Source: Yahoo Finance
Tariffs and the Return of Policy Shockwaves
Former President Trump’s recent decision to reintroduce steep tariffs, some as high as 125% on Chinese goods, sent global financial markets into turmoil. The announcement came unexpectedly, reviving concerns reminiscent of the 2018–2019 U.S China trade war. Despite Trump’s claim that he "knows what the hell he's doing," markets interpreted the sudden escalation as a sign of policy unpredictability.
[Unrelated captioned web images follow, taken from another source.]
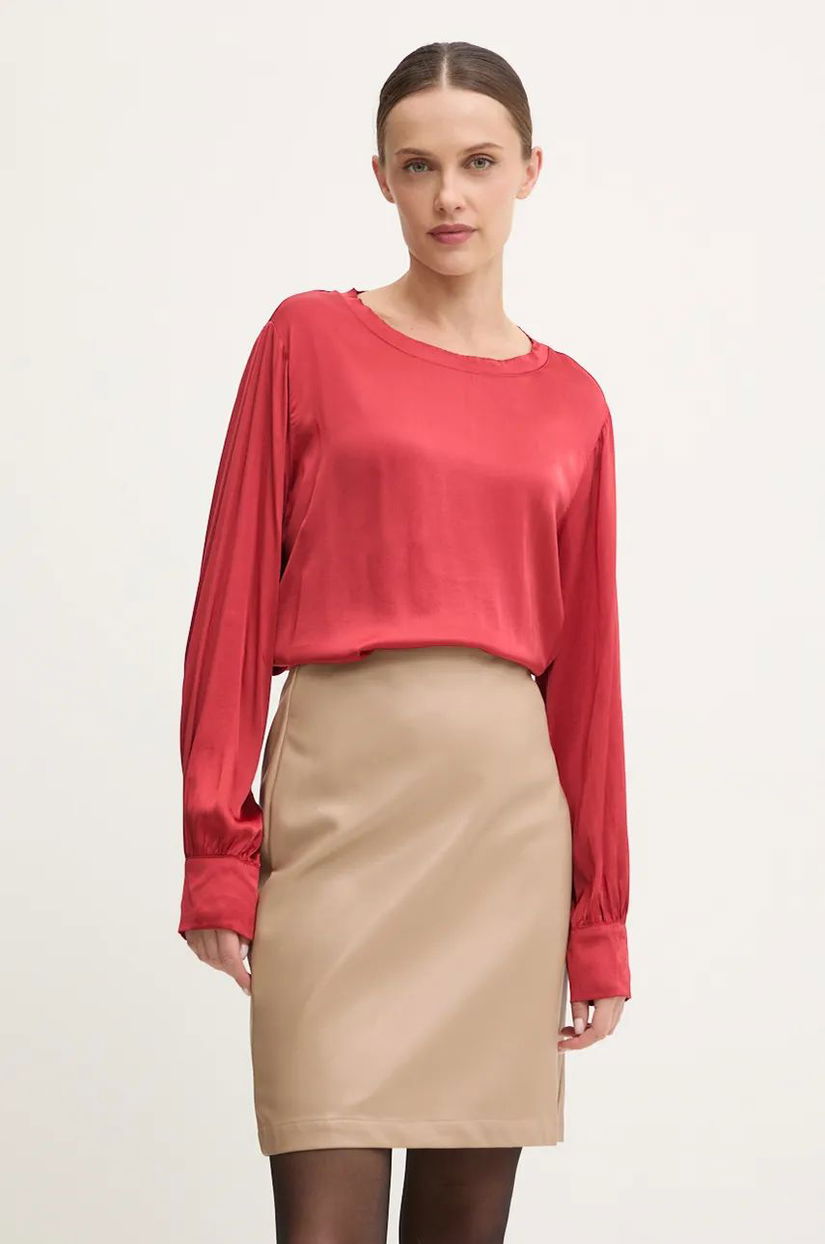 Answear Lab bluza femei, culoarea rosu, neted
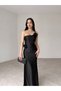 Women's Black Rose Detail Satin Maxi Dress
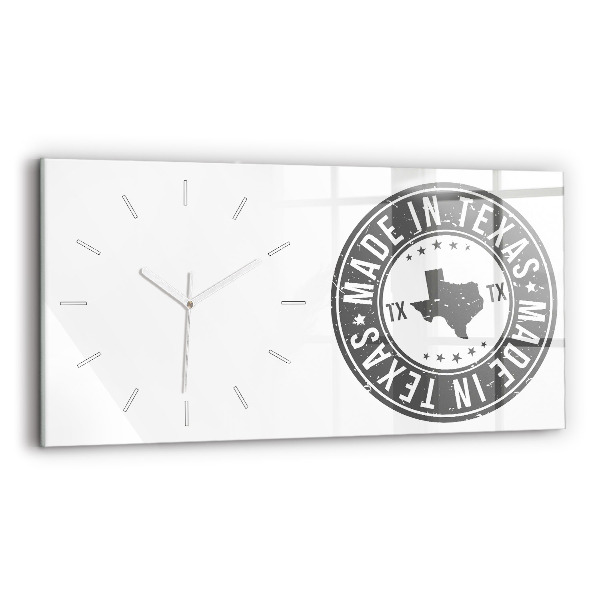 Ceas orizontale de perete din sticlă ștampila Texas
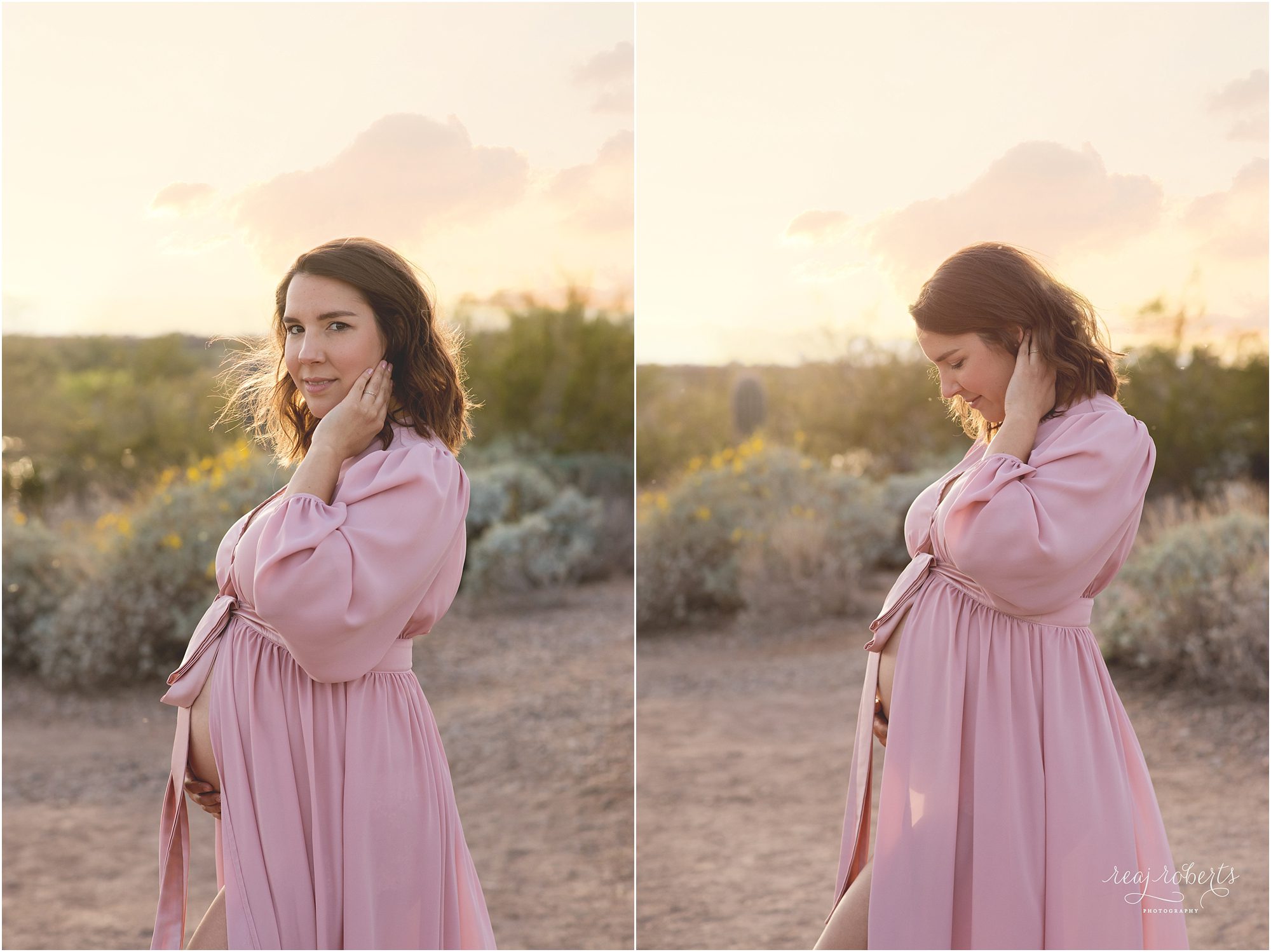 Maternity photos blush sunset desert | Reaj Roberts Photography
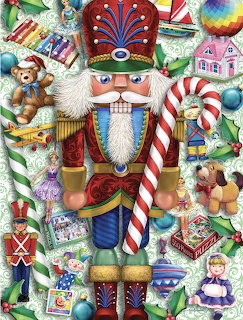 Nutcracker soldier with Christmas toys, candy canes, ornaments and teddy bears in festive holiday collage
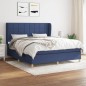 vidaXL Cama box spring con colchón tela azul 180x200 cm vidaXL Cama box spring con colchón tela azul 180x200 cm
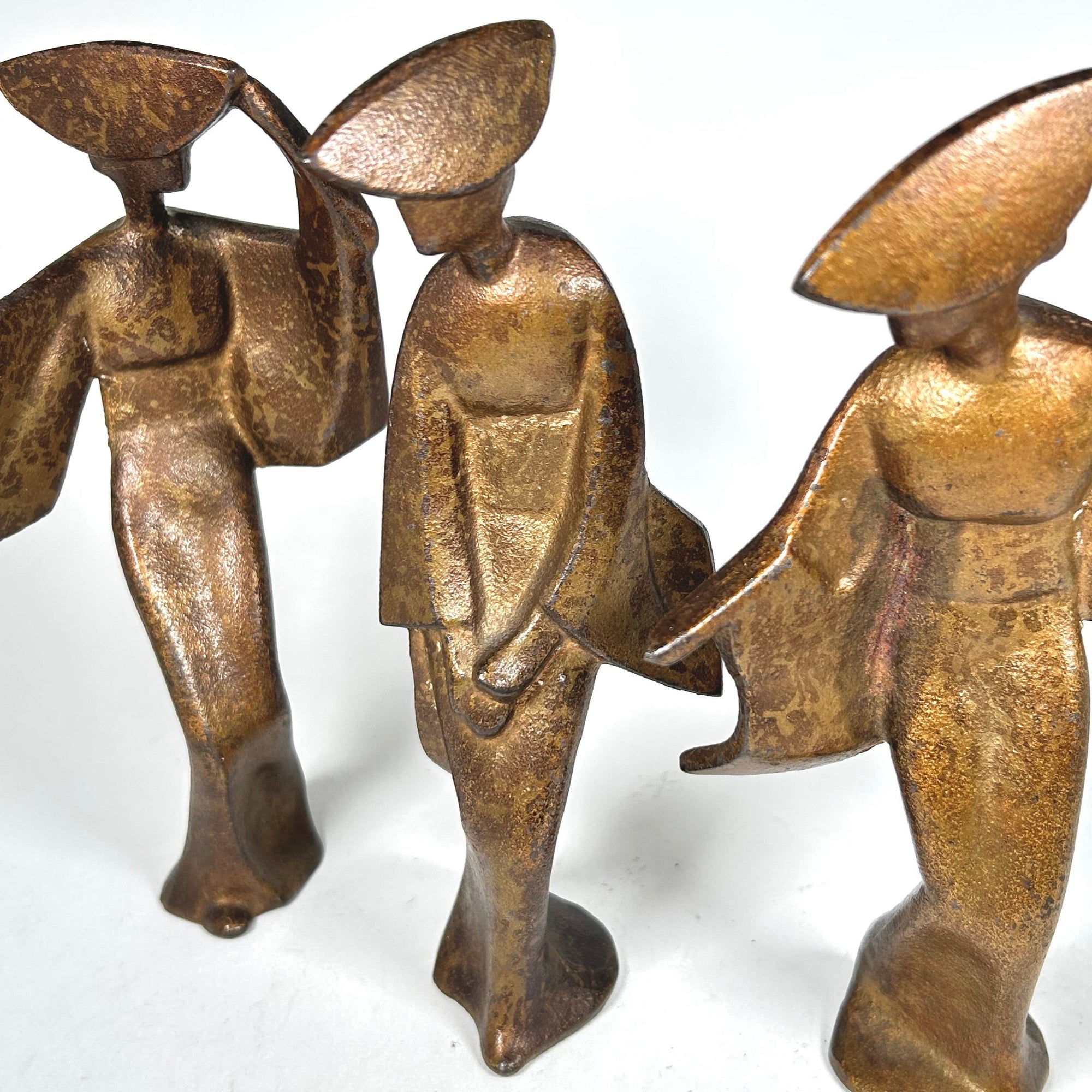 MCM Dancing Geisha Figures in Antiqued Gold Metal - Attributed to James Mont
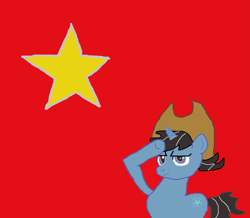 Size: 4175x3641 | Tagged: safe, artist:hunkster, imported from derpibooru, oc, oc only, pony, unicorn, 1000 hours in ms paint, country, cowboy, cowboy hat, frown, hat, high res, horn, rainbow dash salutes, salute, solo, unicorn oc, vietnam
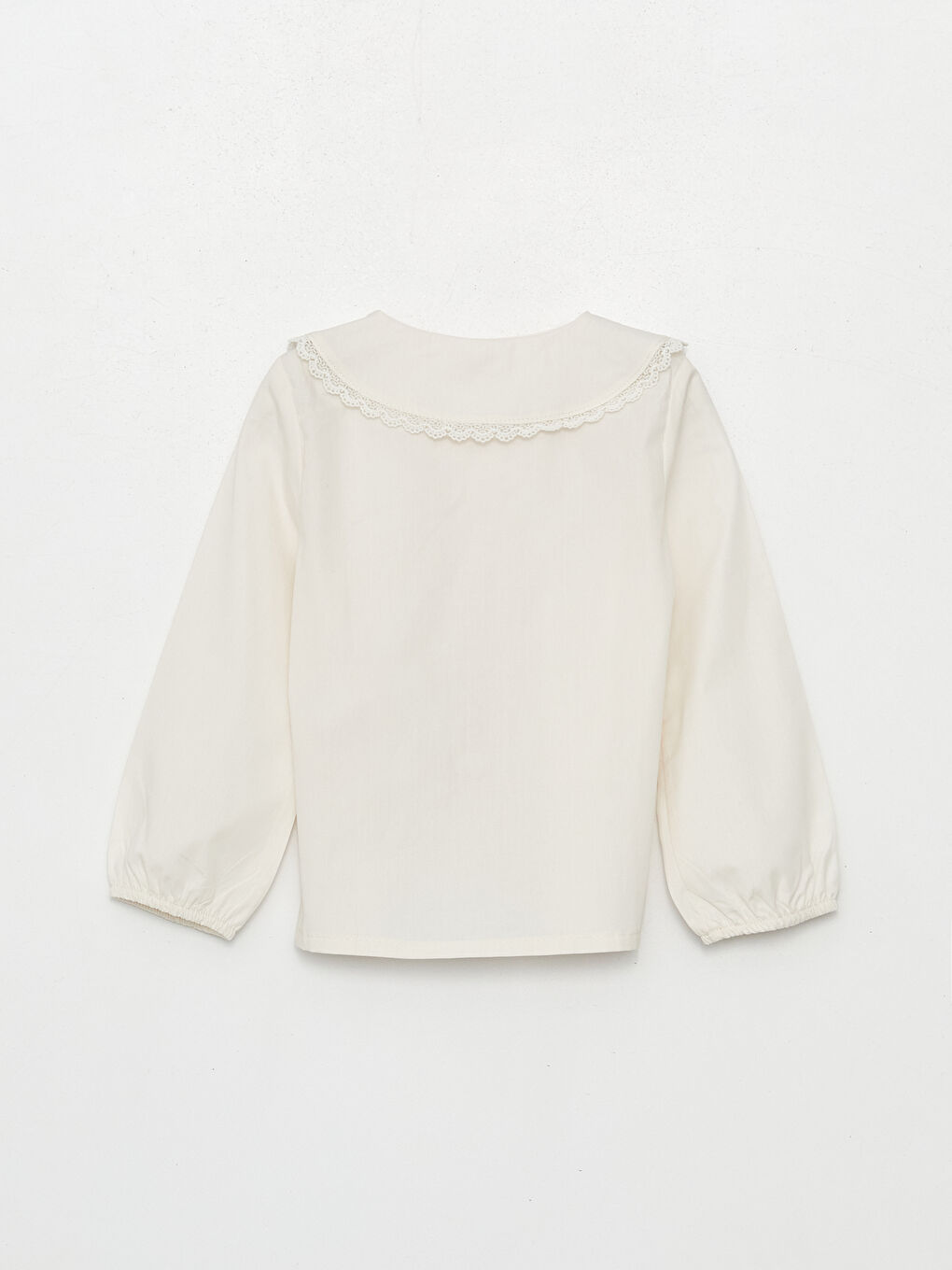 Ekru Bebe Yaka Kız Bebek Gömlek-4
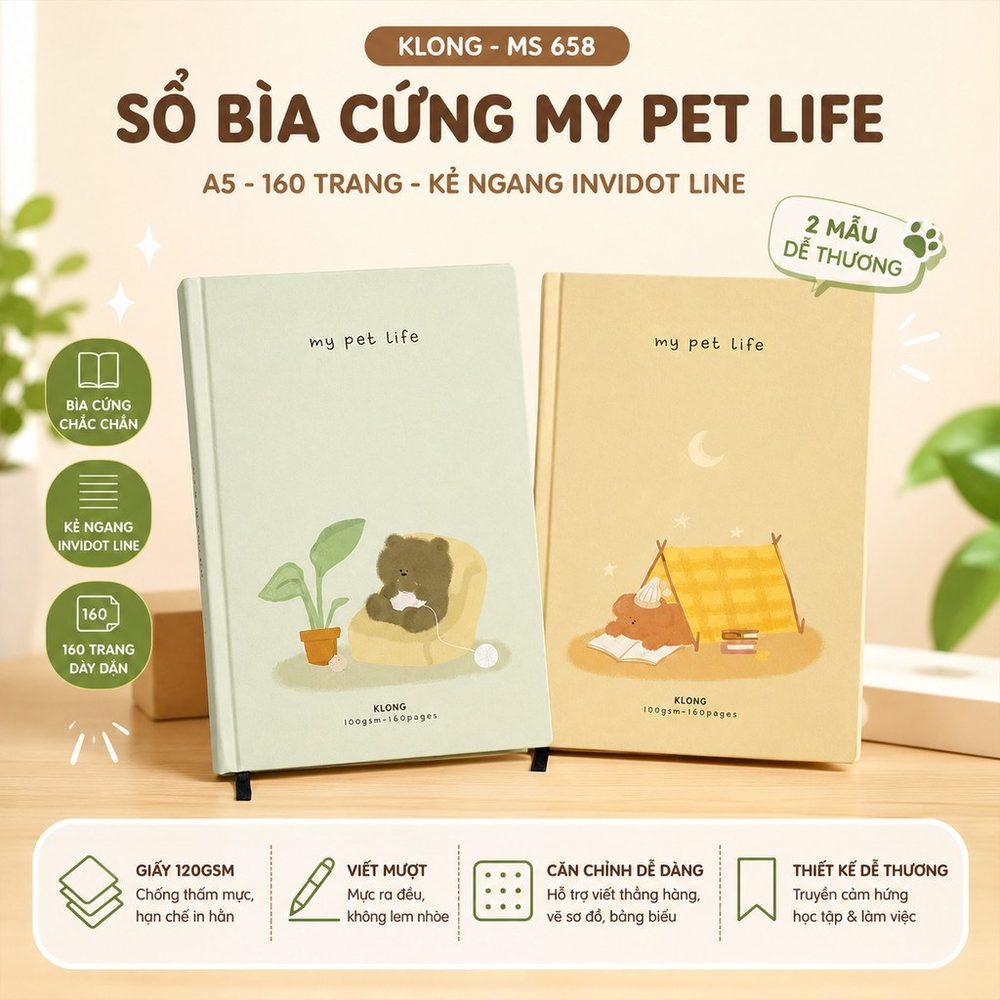 Sổ bìa cứng A5 kẻ ngang InviDot Line chống lem mực 160 trang MS 658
Almost immediately after the announcement on April 2, equity markets across the globe reacted negatively. The Nasdaq Composite dropped nearly 6% and suffered the highest daily point loss in history. The S&P 500 and Dow Jones suffered multi-percent declines as well. Risk-sensitive sectors like technology and manufacturing were hit hardest, but the fear spread broadly, pushing safe-haven assets like U.S Treasuries and gold higher.*
However, this was not the end of the market fallout. In just four trading days, the S&P 500 lost 15% of its value, falling below the psychological threshold of 5,000 points. The tech-heavy Nasdaq dropped 17%, with other global indices following suit.*
Source: Yahoo Finance
Volatility Spikes Amid Uncertainty
The market’s fear gauge, the CBOE Volatility Index (VIX), which measures expected short-term volatility in the S&P 500, surged in response. From relatively calm levels near 14–15 in March, the VIX spiked above the 50-point mark, levels last seen at the beginning of the pandemic. This jump followed Trump’s tariff announcement and reflected investors' rush to hedge against further losses. The index has swung wildly since, mirroring deepening instability.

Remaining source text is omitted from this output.